CAPE CANAVERAL, Fla. March 1 - A rocket built by Space Exploration Technologies was poised for launch on Friday to deliver a capsule filled with food, supplies and science experiments to the International Space Station.
Liftoff of the Falcon 9 rocket carrying a Dragon capsule from the company's leased launch pad at Cape Canaveral Air Force Station, just south of NASA's Kennedy Space Center in Florida, was set for 10:10 a.m. EST/1510 GMT Friday.
Meteorologists predicted an 80 percent chance of good weather for the launch.
The cargo run will be the second of 12 missions for privately owned Space Exploration Technologies, or SpaceX as the company is known, under a $1.6 billion NASA contract.
Following a successful test flight to the space station in May 2012, SpaceX conducted its first supply run to the orbital outpost in October. A second space freighter, built by Orbital Sciences Corp., is expected to debut this year.
NASA turned to private companies to ferry supplies to the Space Station, a $100 billion project of 15 nations, following the retirement of its shuttle fleet in 2011.
Staffed by rotating crews of six, the orbiting laboratory flies about 250 miles above the Earth.
With the shuttles grounded, NASA plans to hire private firms to fly astronauts as well as cargo, breaking Russia's monopoly on crew transport that costs more than $60 million per trip.
Mandatory government spending cuts set to go into effect Friday do not impact space station operations or supply runs, said NASA's space station program manager Mike Suffredini.

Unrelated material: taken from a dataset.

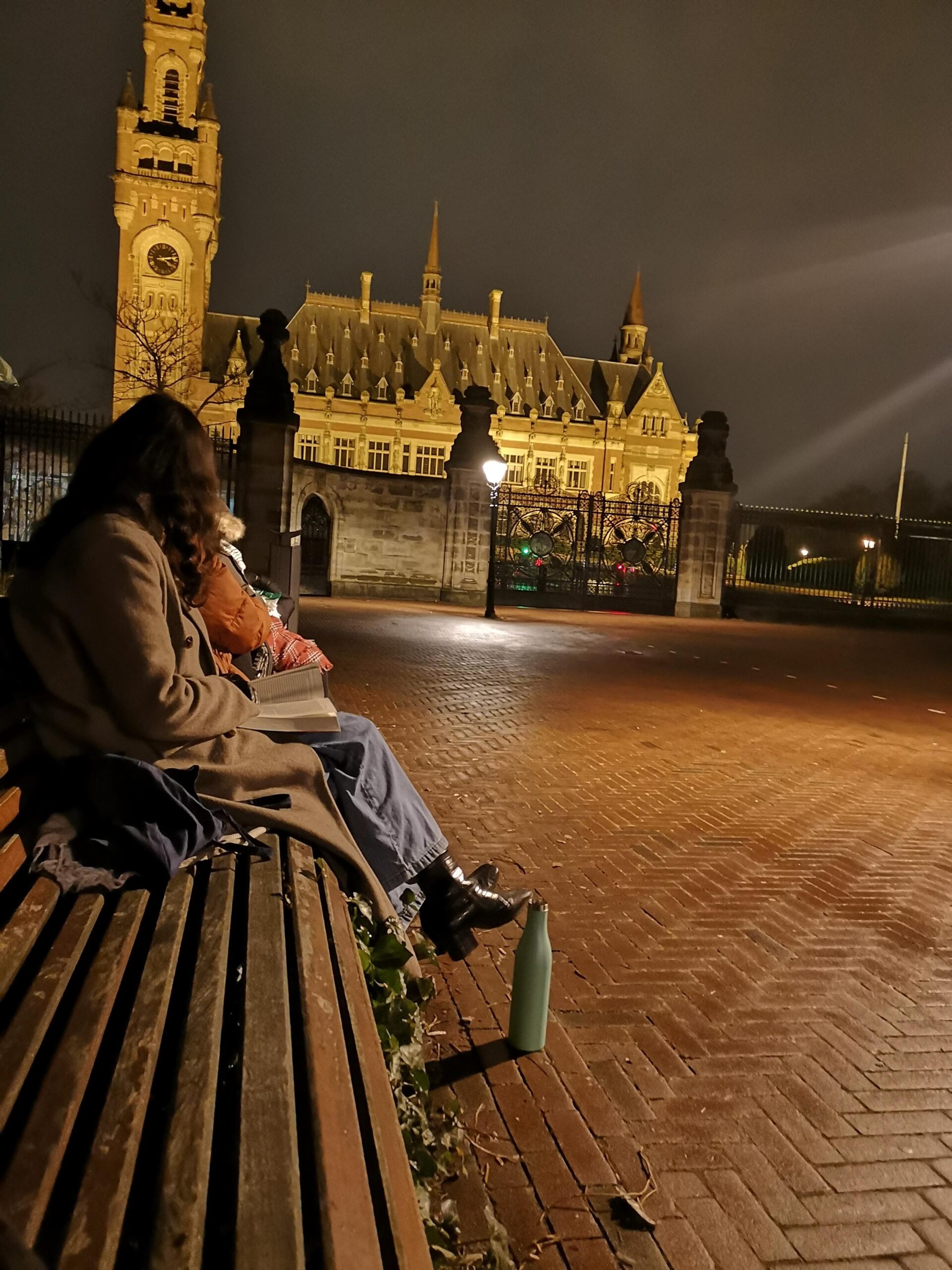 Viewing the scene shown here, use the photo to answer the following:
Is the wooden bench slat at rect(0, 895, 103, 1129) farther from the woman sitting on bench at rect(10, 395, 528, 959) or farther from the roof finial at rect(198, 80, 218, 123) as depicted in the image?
the roof finial at rect(198, 80, 218, 123)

The cutbacks, however, implemented under the so-called "sequestration" initiative, will slow development of privately owned space taxis.
NASA currently has partnership agreements worth more than $1.1 billion through May 2014 with SpaceX, Boeing Co. and privately owned Sierra Nevada Corp. to develop passenger spacecraft.
Under the expected budget cuts, NASA would effectively halt space taxi development work this summer.
"Overall availability of commercial crew transportation services would be significantly delayed, thereby extending our reliance on foreign providers for crew transportation to the International Space Station," NASA administration Charles Bolden wrote in a letter last month to Senate Appropriations Committee chairwoman Barbara Mikulski.
Under sequestration, NASA expects its $17.8 billion budget to drop to $16.9 billion, Bolden said.